Archive for the 'Emotional healing' Category

Published by Bob on 15 May 2008

Where You Born With A Clean Slate?

Or were you born already burdened with baggage that determines how your life is going to turn out?

There is no escaping the fact that the family you were born into has baggage. That baggage becomes your baggage… Attitudes, opinions and beliefs were “put into you”. You became the perfect clone of the best and worst of your family… Then something started to happen:

You began to think for yourself… at least some did.

Looking around at the state of things in the world today, it’s obvious that the vast majority of humans fail to achieve the critical mass, in their lives, which causes them to question what they believe and why they believe it.

You see, if you are one of the few who have taken the best of what your upbringing gave you and worked to unload the baggage, you’re in a surprising minority.
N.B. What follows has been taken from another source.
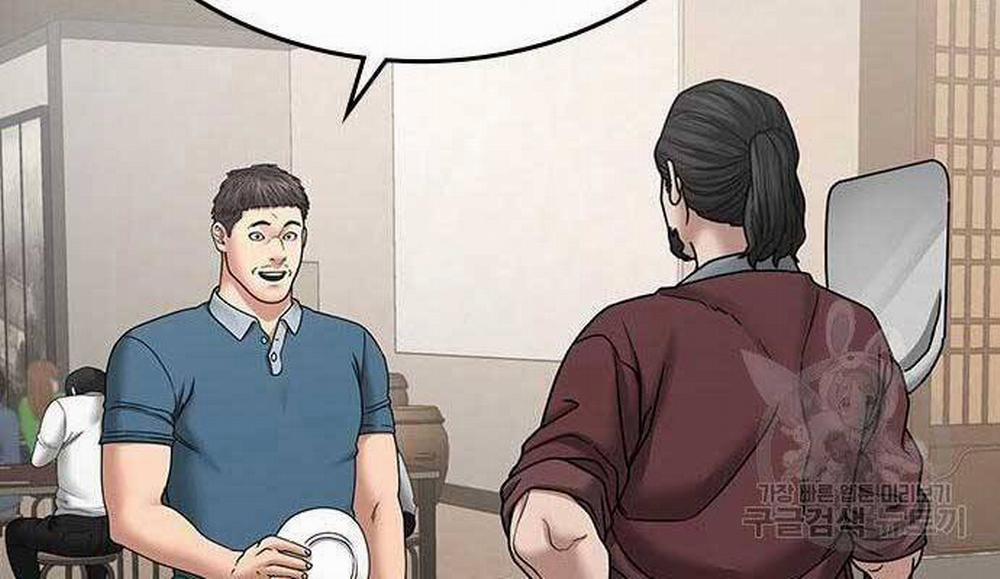 Nhiệm Vụ Đời Thật 37 trang 77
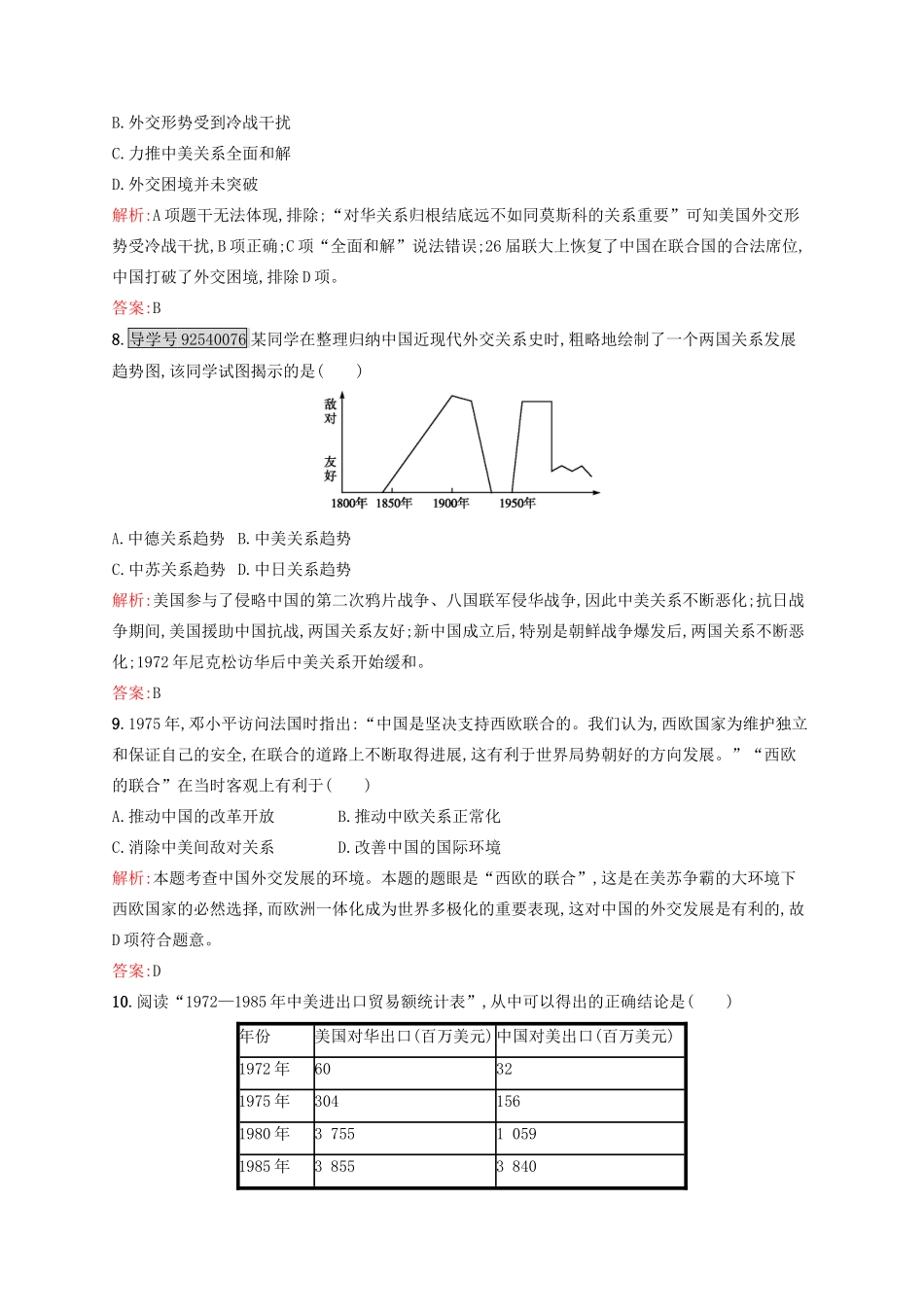 高中历史 专题五 现代中国的对外关系 5.2 外交关系的突破练习 人民版必修1-人民版高一必修1历史试题_第3页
You actually questioned the reality of your conditioning and then took action to bring your attitudes, opinions and beliefs into balance with what you consciously choose to accept as your reality. Not what was given to you (as a child) when you had no possibility to know or understand the “truth” of it… if there was any truth to it.

To you who have struggled to grow beyond your childhood conditioning and the effects of your environment… I say two things:

1. You are the true light giver! You have, without realizing it, given inspiration to those around you that so much more is possible. Rather than wallowing in the excuse of victimization, you have proven you have the power to determine the outcome of your life.
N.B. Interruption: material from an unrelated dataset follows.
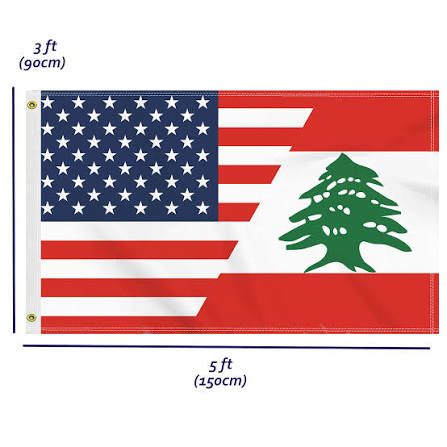 جنوب لبنان يشتعل بين التصعيد الصهيوني وردّ حزب الله..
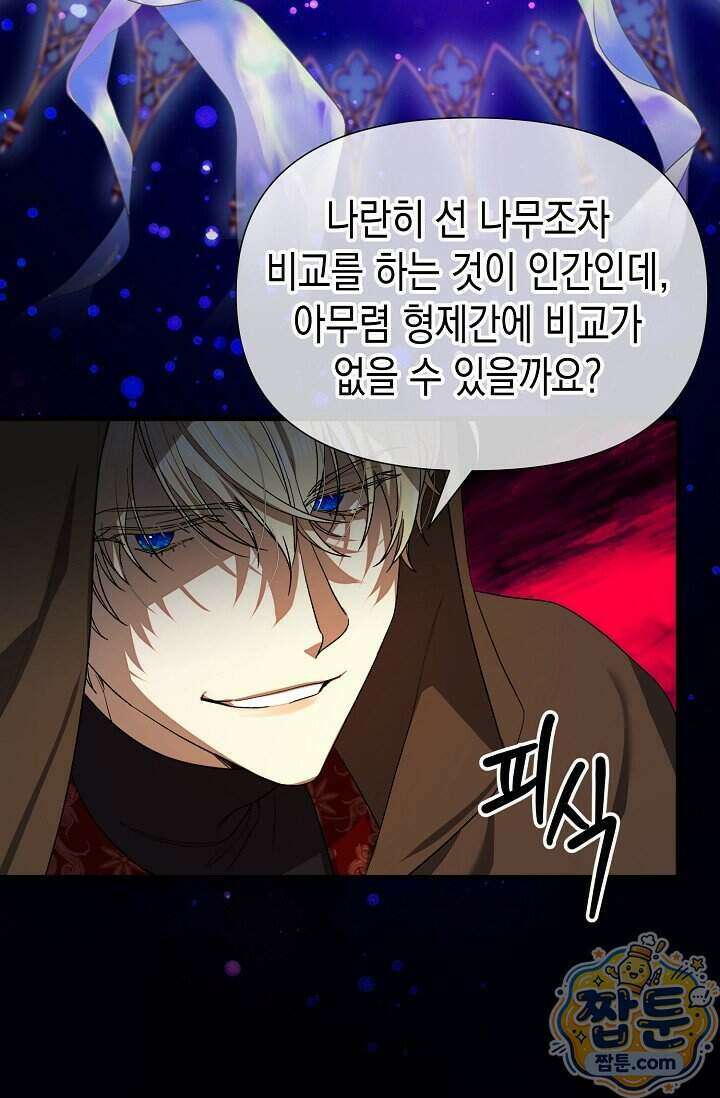 0과 1 57화 13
2. Never give up! As you expand the self imposed barriers of your imagination into new areas of what is possible, you move all of mankind along with you. Your personal spiritual journey benefits us all. Never let the momentary feelings of being overwhelmed or discouraged become the dead-end of your journey.

There are billions who are a few steps behind you.
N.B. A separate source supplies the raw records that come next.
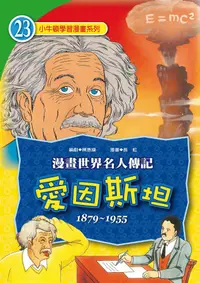 在飛比找誠品線上優惠-愛因斯坦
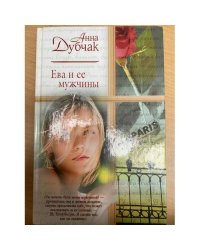 Ева и ее мужчины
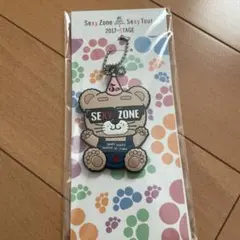 SexyZone セクベア　キーホルダー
One day some of them will take the same steps you have taken and find themselves in the same place you now find yourself. The good your life has created will benefit those who, like you, have found the courage to step into a life they choose to create… not a life that was chosen for them.

In the end, your life’s journey will be a gift to mankind.

“Anything is possible. Your life is a Master Class on deciding how you prove it”.

-Bob Baran

Published by Bob on 01 Apr 2008

Self Victimization

I have a confession to make. I’ve blamed my childhood for issues I didn’t want to take responsibility for as an adult… Sound Familiar?

In my search for the cause of certain quirks, which I attributed to “just being my personality”, I was able to point (with help from the Intentional Prosperity™ System) to specific childhood experiences which I was the victim of.

Aha! It was something that happened to me at a point in my life when I was least able to protect myself from it’s effects. Hey, when you’re young, you don’t have a lot of experience and wisdom to handle those constant trial and error experiences. You get affected. I mean, that’s what childhood is about. Finding out what works and what doesn’t work. It’s a time of life when everything affects you.

The challenge, once you “discover” the source of your quirk: Do you use it as an excuse or do you fix it and move-on?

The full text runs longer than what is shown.